*Your task*
Any picture in the material should be left out, while all other lines are copied exactly.

[Dataset extract — start]

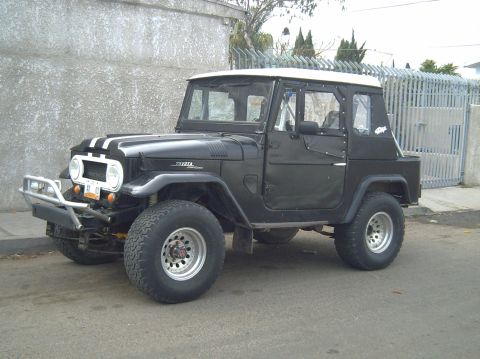 1992 Ford Explorer - This vintage Toyota Land Cruiser is parked on a street with a concrete wall and metal gate in the background.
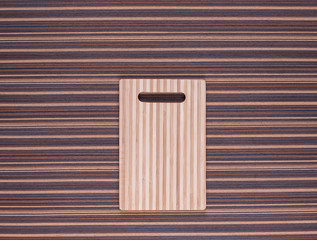 cutting board on a striped tablecloth, brown white colors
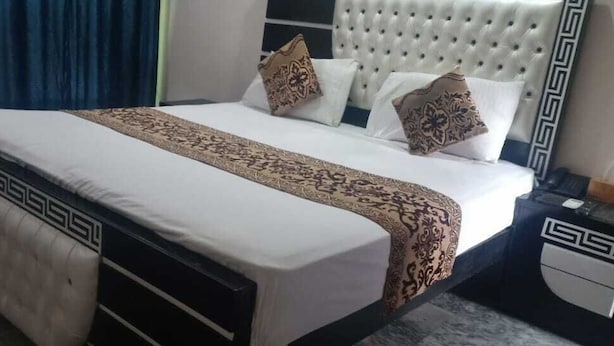 A neatly made bed with a patterned bedspread and pillows, a tufted headboard, and a bedside table with a lamp. - Park view family hotel (Lahore)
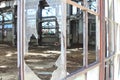 Broken and cracked industrial windows in metal frames Royalty Free Stock Photo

[Dataset extract — finish]

*Task result*
 1992 Ford Explorer - This vintage Toyota Land Cruiser is parked on a street with a concrete wall and metal gate in the background.
 cutting board on a striped tablecloth, brown white colors
 A neatly made bed with a patterned bedspread and pillows, a tufted headboard, and a bedside table with a lamp. - Park view family hotel (Lahore)
 Broken and cracked industrial windows in metal frames Royalty Free Stock Photo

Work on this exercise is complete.